Désormais, les personnes réglant une amende liée à une infraction à points doivent se présenter en personne au tribunal et produire leur permis ainsi que leur carte d’identité.
Des amendes revalorisées
Le législateur profite de la réforme pour alourdir différentes sanctions financières.
• L’article 123B double les amendes prévues : les montants passent de Rs 25 000 à Rs 50 000 pour la première catégorie, et de Rs 50 000 à Rs 100 000 pour la suivante.
• Les sanctions prévues pour les récidivistes (article 123B(1A)) sont encore plus sévères : elles atteignent désormais Rs 200 000 à Rs 500 000.
Le même relèvement touche l’article 123D, relatif notamment à la conduite sans permis ou sous influence d’alcool ou d’autres substances.
La possibilité de racheter des points : une innovation encadrée
Le texte introduit un mécanisme inédit : la « redemption of penalty points » (article 123AJ).
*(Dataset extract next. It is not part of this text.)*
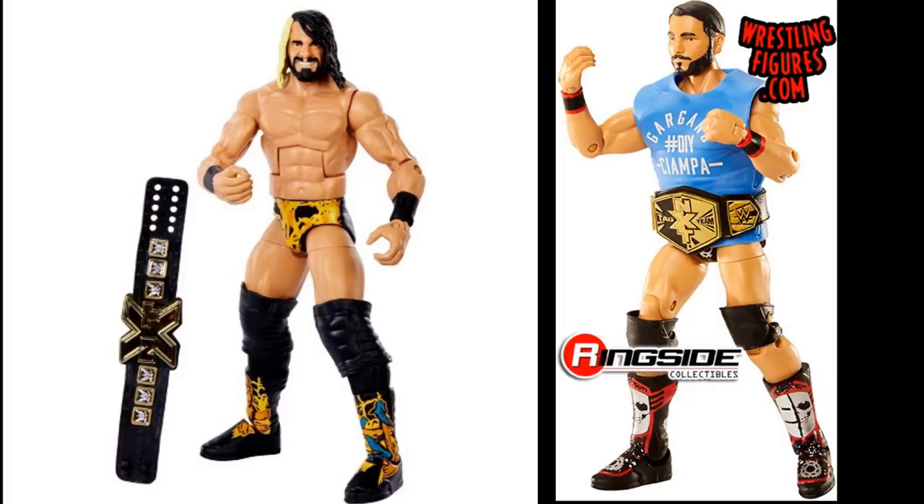Another problem with this Seth Rollins figure is that they gave him jacked legs and really jacked arms. They clearly had the X-Pac arms which would have been fine with the thicker wrist tape. I just don't see why they couldn't take regular Elite Seth Rollins arms or just a regular Elite Seth Rollins body mold, paint the legs skin color, make the lower legs black or whatever color, change the wristband decals — it would have been perfect. These are the questions I'd like answered about what goes on in these meeting rooms when they're making these figures.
Le conducteur ayant accumulé entre 10 et 14 points peut demander à la cour d’effacer jusqu’à 3 points.
Cette demande ne peut être déposée qu’à certaines conditions :
1. avoir suivi un « Approved Rehabilitation Course » ;
2. remplir le formulaire officiel ;
3. présenter un « Penalty Points Certificate » ;
4. et attendre 36 mois avant toute nouvelle demande.
Le juge peut accepter ou rejeter la demande. Dans les deux cas, il doit informer le « Licensing Officer » dans les 14 jours.
Toutefois, aucune demande n’est recevable si le total des points dépasse 15 avant la décision.
Une réforme technique, mais structurante
Le projet de loi porte des ambitions claires : renforcer la discipline sur les routes mauriciennes en donnant à l’État des outils de suivi plus performants et en responsabilisant les conducteurs.
Le ministre Osman Mahomed souligne dans son « Explanatory Memorandum » que la réforme vise à replacer la sécurité routière au cœur des priorités nationales. La réintroduction des points, indique-t-il, permettra « d’améliorer la protection des usagers » et d’encourager « une culture de conduite responsable ».
En encadrant plus strictement les excès, en alourdissant les sanctions et en imposant des formations obligatoires, le texte met l’accent sur la prévention et la correction plutôt que sur la seule répression. La possibilité de racheter des points, innovation notable, s’inscrit dans cet esprit de réhabilitation.